Les auteurs des violences : des « jeunes » et leurs territoires

18La qualification des jeunes émeutiers s’ancre, les premiers jours, dans les axiologies interprétatives proposées par les journaux dans leur identification des causes. Mais des éléments discursifs apparaissent, qui infléchissent ces axiologies, tandis que les lieux des émeutes sont dotés de désignations diverses.

19La désignation principale employée par l’Humanité pour nommer les auteurs des violences est l’adjectif substantivé « jeunes », qui constitue une catégorie floue mais qui est précisé, dans l’article, par deux expressions plus longues. Les « jeunes révoltés » réagissent à la mort de leurs camarades et les « jeunes issus de l’immigration » se « sentent exclus » et « enfermés dans des ghettos ». La désignation du quartier où vivaient les jeunes gens – un « ghetto » – qualifie la violence sociopolitique qui leur est faite – celle de l’enfermement – et le discours réduit le flou du terme « jeunes » en précisant les raisons qui peuvent pousser les jeunes gens à faire usage de la violence. La qualification initiale des jeunes auteurs des violences par l’Humanité fait donc d’eux des victimes de la violence, à la fois policière et sociopolitique, qui est parallèlement identifiée comme étant à l’origine des émeutes.

20La désignation par l’âge se retrouve dans Libération, qui emploie presque exclusivement le terme « jeunes ». Là encore, le flou de la catégorie est précisé, mais de façon plus diverse que dans le quotidien communiste.
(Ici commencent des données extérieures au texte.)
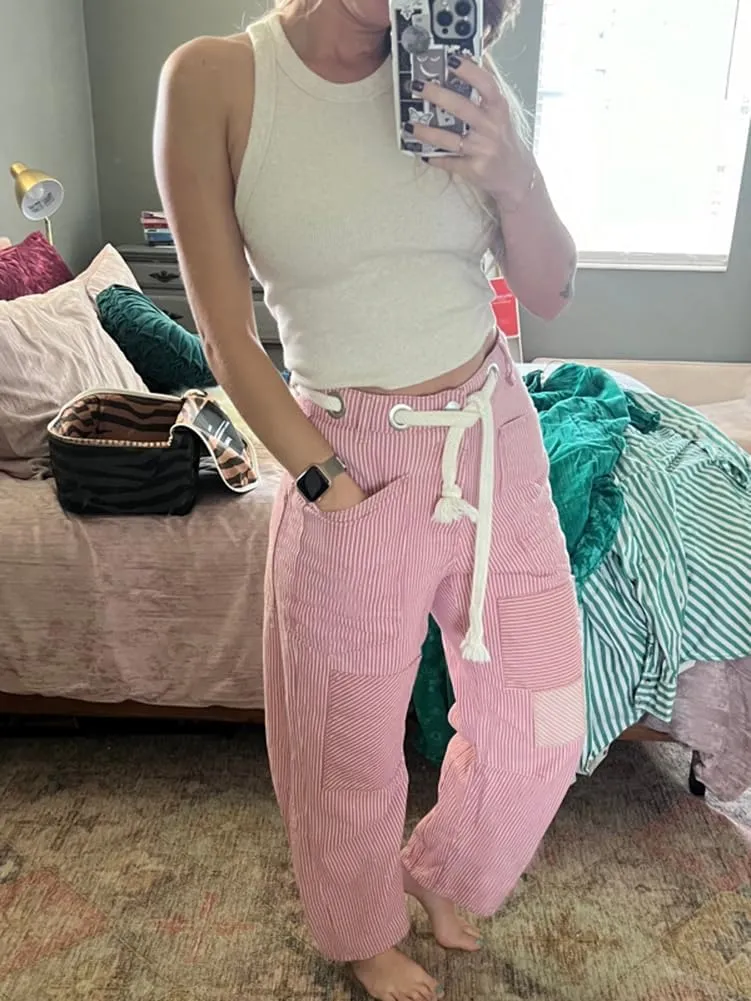 Kedera Women Casual Barrel Pants Loose Wide Leg Drawstring Baggy Pants Mid Waist Boyfriend Y2K Trousers Streetwear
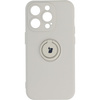 Etui Bizon Case Silicone Ring Sq do iPhone 14 Pro, beżowe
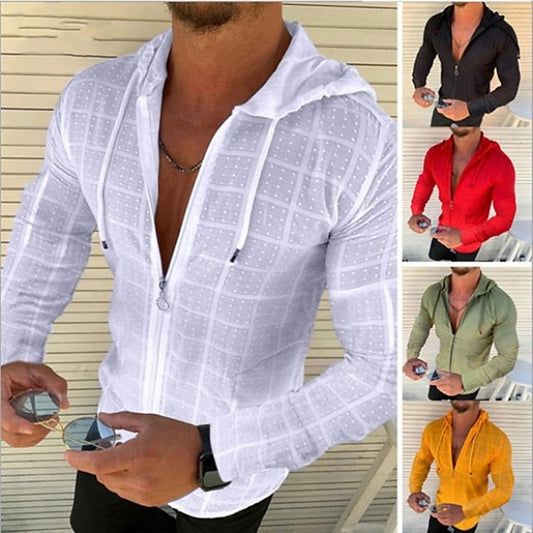 Men's Shirt Summer Shirt Casual Shirt Black White Yellow Red Green Long Sleeve Floral Hooded Casual Daily Drawstring Clothing Apparel Fashion Casual Breathable Comfortable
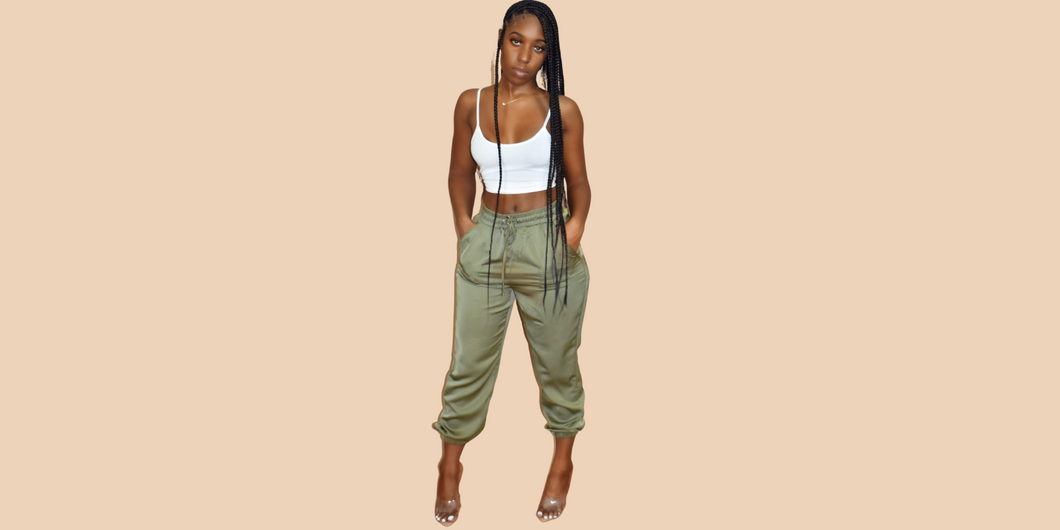 Olive Elastic Waist Joggers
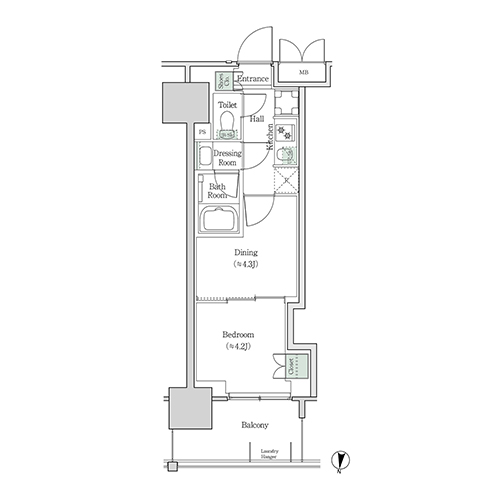 ブルックサイドレジデンス木場(2K[22B-type]：26.74㎡)の間取り画像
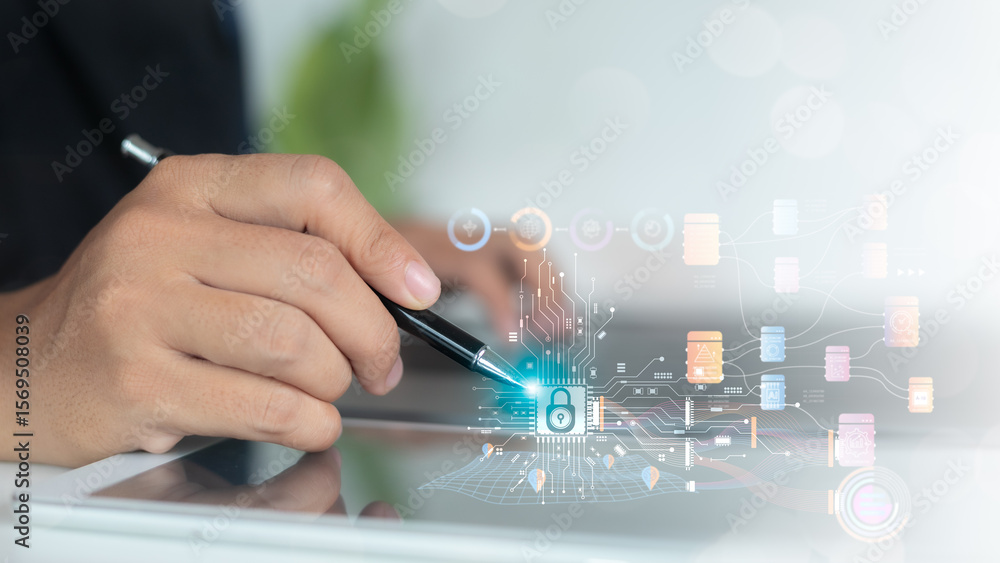 Poster hand using digital pen on tablet with cybersecurity, data protection, and network interface, futuris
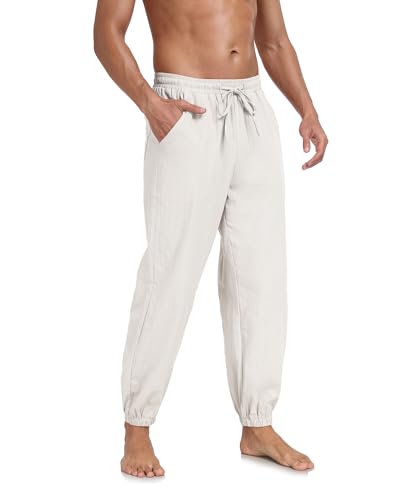 AUDATE Herren Leinenhosen Baumwolle Freizeithose Lang Casual Sommer Hosen Elastische Taille Strandhose Weiß L von AUDATE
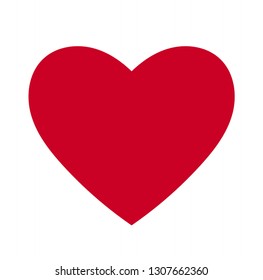 Heart, Symbol of Love and Valentine's Day. Flat Red Icon Isolated on White Background. Vector illustration. - Vector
Libération mentionne à la fois les actes commis par les jeunes gens qui « caillassent les camions de pompiers », les causes de ce qui « les enrage » – le fait qu’ils « sont jugés à l’avance » – et leur ancrage territorial, les « jeunes habitants de Clichy » ou les « Clichois ». À cet égard, l’éditorial titré « Ghettos » renvoie à la même situation de violence sociopolitique, subie par les jeunes habitants, que celle dénoncée par l’Humanité. Le quotidien qualifie les jeunes gens comme les victimes d’un jugement social préétabli et stigmatisant, et l’affirmation de ce statut de victimes permet au journal de ne pas juger les jeunes gens seulement à partir de leurs violences.

21Les deux quotidiens précisent donc le « personnage » des jeunes auteurs des violences, faisant également d’eux des victimes d’un enfermement dans une condition sociale et politique inacceptable ; c’est ce que condense et dénonce le terme « ghetto ». Ce faisant, les discours identifient la relégation des communes où vivent ces jeunes gens mais, en la dénonçant, ils en renforcent également la pesanteur symbolique.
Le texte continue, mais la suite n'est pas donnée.